C’est ainsi que les femmes se retrouvent à servir d’appât pour des hommes cherchant à tromper leur propre solitude ou manque affectif.

On trouve ainsi régulièrement des flyers sexistes, avec des femmes à moitié nues pour vendre la soirée. Et surtout, des « privilèges » tels que des réductions ou gratuité sur l’alcool pour les filles. De telle manière qu’on a l’impression qu’il est dit aux hommes : « Venez, elles seront à point pour votre arrivée ».

Ce n’est rien d’autre que l’expérience de l’agression et du viol potentiel qui est proposée. Utiliser l’alcool pour altérer le consentement des femmes et les entrées gratuites pour espérer un large choix de proies.

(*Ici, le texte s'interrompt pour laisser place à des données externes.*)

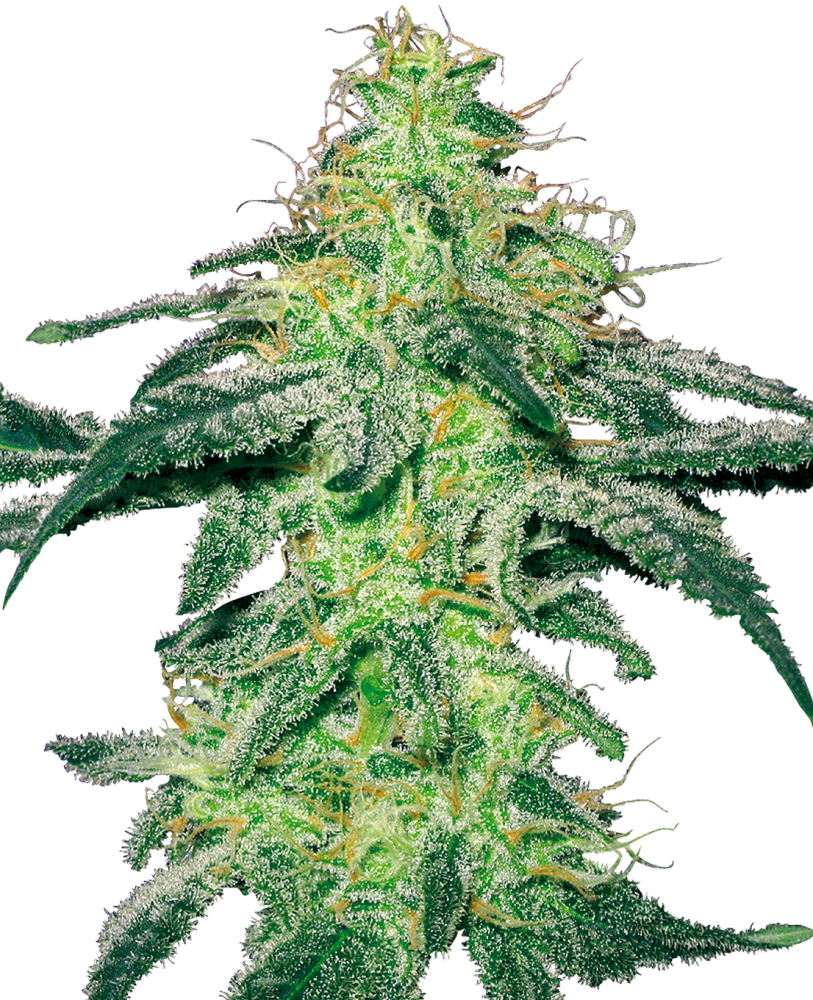 Sensi Seeds Cannabis Seeds White Skunk Feminized by White Label, 3-10 ks 3 ks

Quelle femme ayant été en boîte ne s’est pas faite toucher sans son consentement… Ou pire ?

Tant de choses à subir pour finalement des soirées de mauvaise qualité, avec des dj’s sans recherche musicale qui se contentent de passer les derniers tubes standardisés. Si les transitions entre les morceaux sont à peu près propres et sans intervention façon manège toutes les trente secondes, c’est une chance !

Pour les personnes qui refusent cela, il y a peu d’alternatives. Il y a alors quelques associations qui se démènent pour faire venir des artistes ou fédérer une scène musicale locale.

C’est également en réactions à la sélection raciste et à la superficialité des discothèques et des soirées commerciales que le mouvement des freeparty s’est formé comme proposition alternative.

Enfin, il reste les voitures et les soirées en appartement, mais bien souvent c’est encore très masculin. Combien de filles se retrouvent dans un coin pendant que les mecs fument des joints en jouant à la console ?

Soyons lucides, la consommation poussée à l’extrême et les divertissements centrés autour de l’ivresse nous attirent car ils sont un moyen d’oublier la pression capitaliste du quotidien.

Pour ne pas avoir à choisir entre se cacher des hommes en restant chez soi ou se corrompre dans la consommation superficielle, les femmes doivent s’investir publiquement pour se réapproprier des lieux festifs et conviviaux !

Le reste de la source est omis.